■ Work instructions ■
For this exercise, reproduce only the lines from the one holding "Svarta jeansbyxor från ZARA - Säljer" through the final line of the data below, exactly, and omit pictures.

Scraped caption text data:

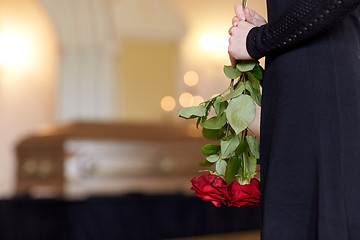 Image showing close up of woman with roses and coffin at funeral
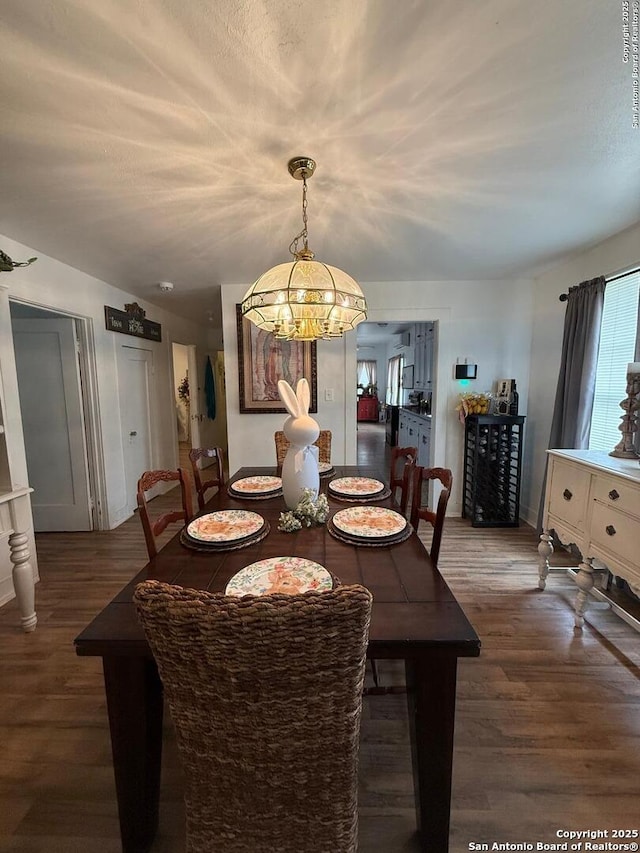 dining space with a notable chandelier, baseboards, and wood finished floors
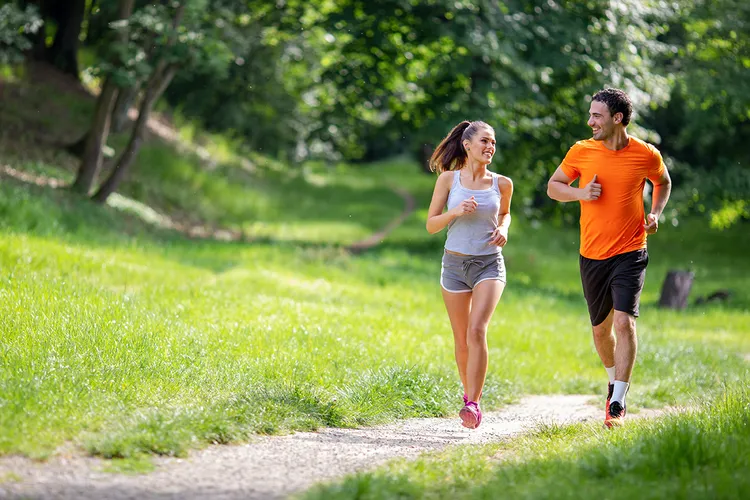 Knieschmerzen beim Joggen, joggendes Paar auf Wiese, Knie stabilisieren durch Übungen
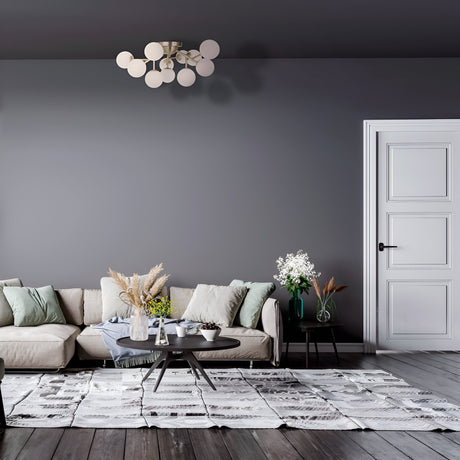A living room features a modern gray sofa, assorted pillows, and a round coffee table with vases of dried flowers. A Dallas 12 Light Semi-Flush fixture in brass with white glass hangs elegantly above. Gray walls, a textured rug on dark wood floors, and a white-paneled door complete the space.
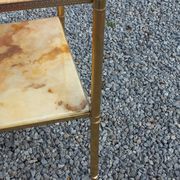 Pair of neoclassical side tables in bronze, brass, marble, and o.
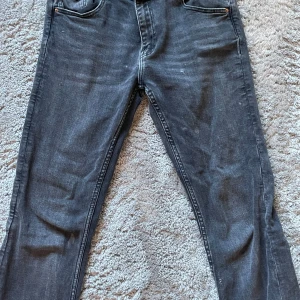 Svarta jeansbyxor från ZARA - Säljer ett par svarta jeansbyxor från ZARA med klassisk femficksdesign och utsvängda ben. Jeansen har normal passform och är tillverkade i denim med lätt tvättad look. Perfekta till vardags och enkla att matcha med olika stilar.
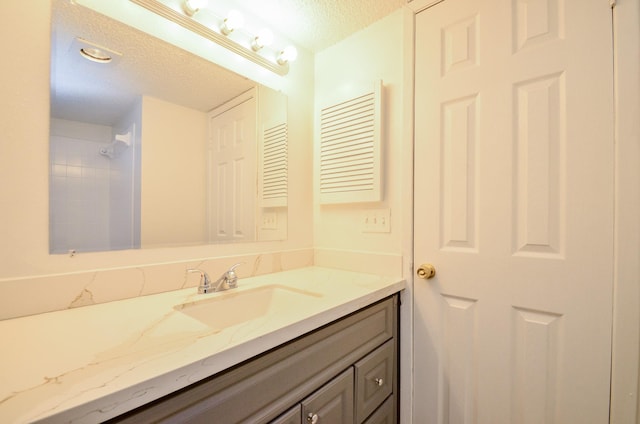 bathroom featuring a textured ceiling and vanity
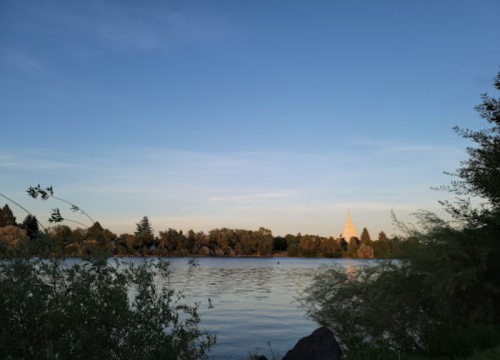 A serene lake scene at dusk, with trees lining the shore and a distant building illuminated by the setting sun.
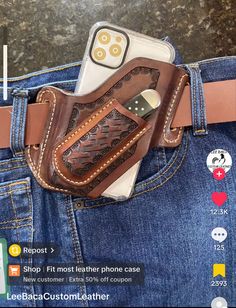 a cell phone in a leather case on the back of a pair of blue jeans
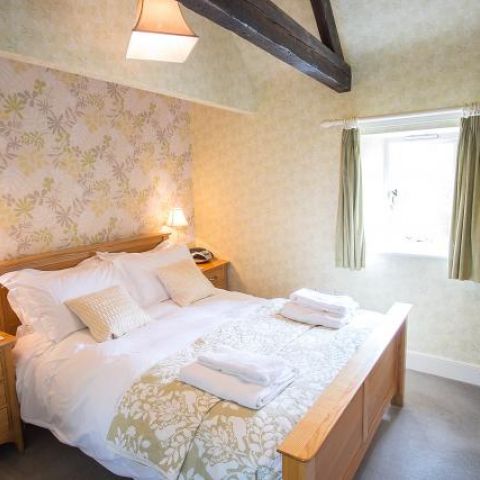 Double en suite bedroom. South facing with view of garden & woods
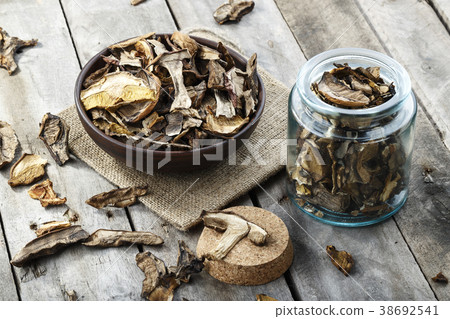 dried mushrooms on a wooden background dried mushrooms on a wooden background 38692541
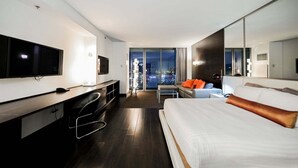 Una habitación de hotel moderna con una cama grande, un escritorio con televisor, un sofá y un balcón con vista a la ciudad.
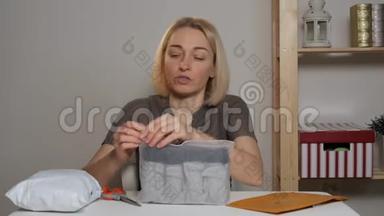 女博主坐在一张桌子旁，在网上<strong>商</strong>店里研究一次购买。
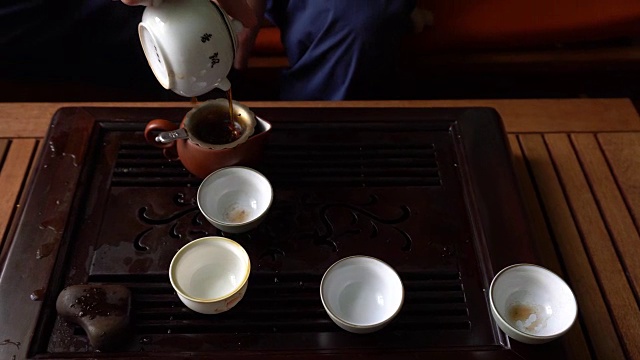 在中国传统茶道上，一名男子用茶壶倒普洱茶。一套饮茶设备视频下载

■ Reply ■
 Svarta jeansbyxor från ZARA - Säljer ett par svarta jeansbyxor från ZARA med klassisk femficksdesign och utsvängda ben. Jeansen har normal passform och är tillverkade i denim med lätt tvättad look. Perfekta till vardags och enkla att matcha med olika stilar.
 bathroom featuring a textured ceiling and vanity
 A serene lake scene at dusk, with trees lining the shore and a distant building illuminated by the setting sun.
 a cell phone in a leather case on the back of a pair of blue jeans
 Double en suite bedroom. South facing with view of garden & woods
 dried mushrooms on a wooden background dried mushrooms on a wooden background 38692541
 Una habitación de hotel moderna con una cama grande, un escritorio con televisor, un sofá y un balcón con vista a la ciudad.
 女博主坐在一张桌子旁，在网上<strong>商</strong>店里研究一次购买。
 在中国传统茶道上，一名男子用茶壶倒普洱茶。一套饮茶设备视频下载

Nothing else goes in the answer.